Dans le cas de l'usage du double langage dans la communication interpersonnelle, l'émetteur s'adresse à une seule personne physique tout en s'adressant à deux entités distinctes à l'intérieur de celle-ci. Il induit cette division de l'esprit ou la consolide quand elle a déjà été intitiée préalablement. Ce double langage peut viser à affirmer ou nier sournoisement une chose sans le dire ouvertement - c'est à dire sans en assumer la responsabilité -, à créer le doute, à menacer indirectement, ... et à induire un comportement chez la personne ciblée, à donner un ordre sans en avoir l'air.

L'injonction paradoxale

L'injonction paradoxale consiste à formuler des attentes ou des ordres contradictoires, et/ou impossibles à réaliser. La nocivité psychologique des injonctions paradoxales (double-bind) a notamment été mise en avant par Gregory Watson (1904 -1980). L'injonction est paradoxale quand les demandes/ordres sont contradictoires ou si leur réalisation ne dépend pas de la volonté de la personne qui la reçoit. Ces doubles contraintes définissent un système de communication paradoxale afin de disqualifier l'autre et dans un cadre dont il ne peut s'échapper. Cette une pratique qui emmure l'esprit et anesthésie la conscience et la capacité de réaction.

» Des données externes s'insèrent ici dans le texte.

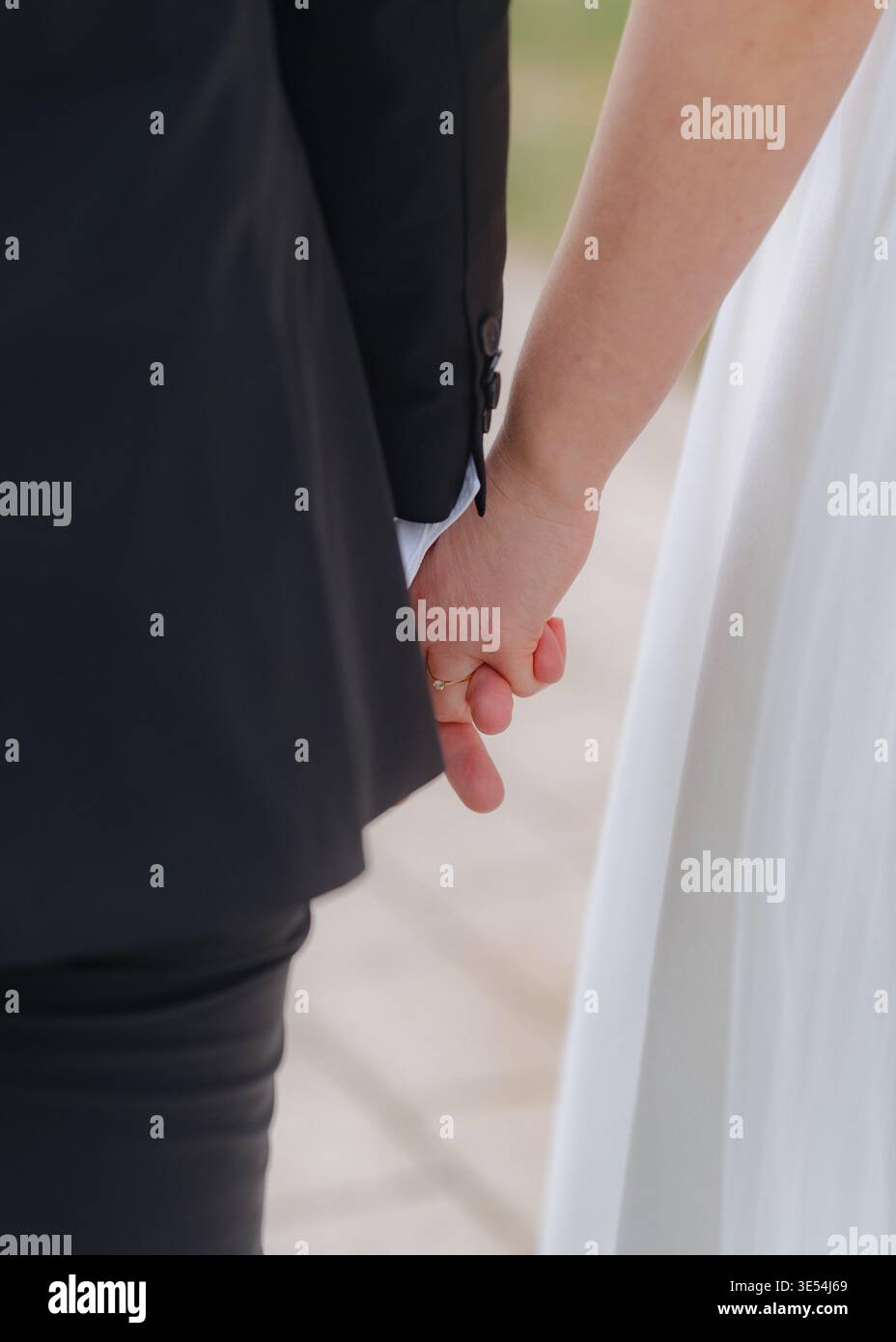 Gros plan de mariés se tenant par la main. Symbole d'amour, de confiance et d'engagement. Moment de mariage émotionnel avec lumière naturelle douce. Banque D'Images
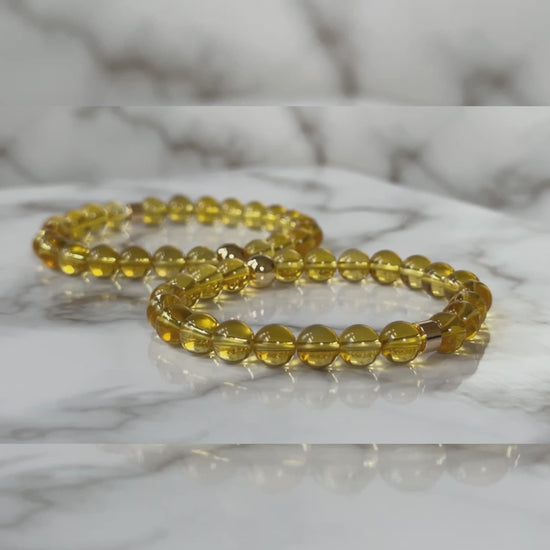 Natural Citrine Bracelets for couples, symbolizing abundance and joy, displayed elegantly on a neutral background.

Gregory Watson a démontré les conséquences graves de telles pratiques en particulier en se basant sur des cas touchant les enfants. Quand l'enfant est la cible de façon durable d'injonctions paradoxales, de nombreux troubles peuvent se manifester pouvant aller jusqu'à à la folie ; notamment lorsque l'injonction lui demande de croire quelque chose dont il peut constater la fausseté.

Ces trois tactiques linguistiques ont donc toutes en commun au moins plusieurs caractères identiques intrinsèques :

- elles sont à double-entrée

- elles provoque une dissociation de l'esprit

- elles provoquent souvent la léthargie

- elles empêchent la construction de la conscience

- elles appartiennent à la rhétorique du déni

Un autre caractère associé de façon plus ou moins marquée est un langage non-verbal (regards, intonations...) favorisant un climat de doute, de confusion et/ou de danger. Des menaces sont parfois proférées avec cette méthode.

Le déni et la dénégation

Le déni peut-être pratiqué plus ou moins inconsciemment, mais ici nous restons dans un cadre stratégique, donc d'une utilisation délibérée. Le terme exact quand il y a refus de reconnaître la vérité est "dénégation". Mais nous avons tous tendance à utiiser le mot déni dans les deux cas. Le déni ne se borne pas à nier la vérité qu'une personne énonce à une autre, mais il nie la réalité même de l'énonceur, de la personne, par l'imperméabilité à son discours. Les conséquences peuvent ne pas être seulement frustrantes, mais traumatisantes. Si une personne subit de façon répétitive et durable ce déni, cela peut la conduire à l'aliénation et à la perte d'identité.

Avec l'acte de déni, le message renvoyé est : "Tu n'existes pas !"

Il y a une tendance générale dans la société à nier les actes de prédation. Avec la rhétorique du déni se développe aussi tout une rhétorique du pardon. Voir mes commentaires sur l'excellent livre d'Edgar Morin : Éthique.

La négation de la personne et la destruction de son identité font partie des méthodes de lavage de cerveau. En détruisant le sens du langage, que nous appelons aussi langue maternelle - le langage de l'éducation - c'est le processus d'aprentissage, d'éducation qui est détruit, déprogrammé. Cette déprogrammation est mise en oeuvre pour reprogrammer les cerveaux differemment et les rendre réceptifs aux injonctions, en particulier les injonctions paradoxales.